Members of an armed militia organization have gathered at a Grants Pass, Oregon gold mine in preparation for a possible eviction of the mine's owners by the US Bureau of Land Management (BLM).
The group, called the Oath Keepers, came to the aid of an Nevada rancher last April during a confrontation with the BLM that caught the attention of prominent right-wing media figures and Republican Party officials.
The crux of the dispute between the owners of Oregon's Sugar Pine Mine, Rick Barclay and George Backes, and the BLM is over whether or not the two men have surface rights to the plot of land, not only mining rights, which are not in dispute. The co-owners say they have rights to both, but the BLM disagrees.
"The claimants had limited public access to the area; begun putting up a house on public land; and had failed to file appropriate mining plans with the BLM," the agency said in a statement. "When the claimants failed to take corrective steps, the BLM issued a Decision and Notice of Noncompliance."
'The ultimate goal of the BLM … it's a land grab.'
Once issued, the miners must either file an appeal of the notice or rectify the complaints.
"I specifically asked Oath Keepers to protect my property and my rights until I got to court," Rock Barclay told television station KDVR. "That's why Oath Keepers is there."
Barclay said he disputes BLM's authority.
"[I]t's a basic property rights issue, of someone claiming ownership of land they can't provide documentation that they have [the] right to control," he said. "The ultimate goal of the BLM … it's a land grab."
Oregon's Oath Keepers of Josephine County are a group of former soldiers and police officers who claim to defend the US Constitution and are affiliated with the national Oath Keepers.
The groups says they responded to the mine owners' request in order to protect protect the property and prevent the BLM from forcing the men off their land. After an hour and a half meeting among the Oath Keeper leadership, they agreed to help the miners by providing armed security.
The Oath Keepers gained national attention after Nevada rancher Cliven Bundy enlisted their help in a dispute with the BLM. Bundy refused to pay fees for federal land upon which he grazed his herd of cattle. Following a court order in its favor, the bureau sought to confiscate Bundy's cows. Several militia groups, including the Oath Keepers, came to Bundy's aid and a standoff led to the agency backing down.

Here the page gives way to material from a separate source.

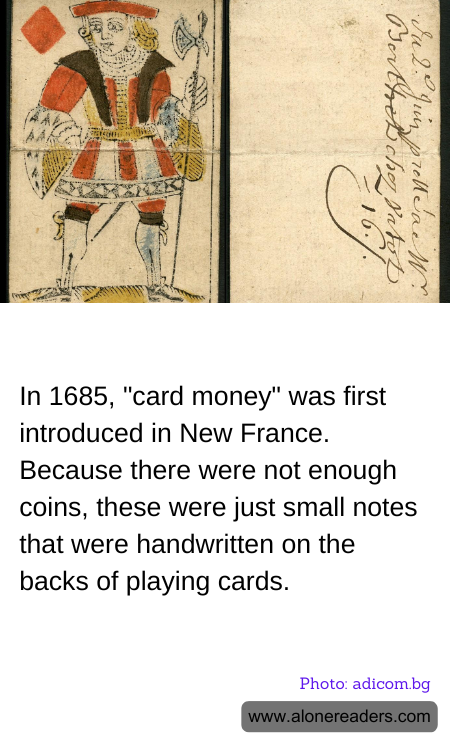 In 1685, "card money" was first introduced in New France. Because there were not enough coins, these were just small notes that were handwritten on the backs of playing cards.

The possibility of a similar standoff in Oregon is something that all sides — the Josephine County Sheriff's Department, the BLM, and the Oath Keepers — are trying to downplay.
"This is not a standoff," Oath Keepers spokeswoman Mary Emerick told VICE News, adding that all parties were in regular communication. "The Oath Keepers are acting as private security for the mine. That happening around the clock right now."
The Oath Keepers have posted armed men wearing camouflage at the entrance to the mine.
For their part, the authorities are making it clear that they are not conducting an enforcement action. "The Josephine County Sheriff's Office was informed by the BLM that no enforcement action would be taken by their organization and the claim owner is guaranteed his right to due process," the county sheriff's office said in a statement.
The Oath Keepers are planning protests on Thursday at BLM offices.
In a statement, the agency said: "Due to the expected activity and concern for public and employee safety, the Medford and Grants Pass offices will be closed for public business on Thursday, April 23. Members of the public are encouraged to reschedule planned visits to the offices for that day."
The Oath Keepers' Emerick told VICE News that the militia will remain a presence at the Sugar Pine Mine. "It could take a while, yeah," she said of the legal proceedings. "But we'll be here protecting the Constitution."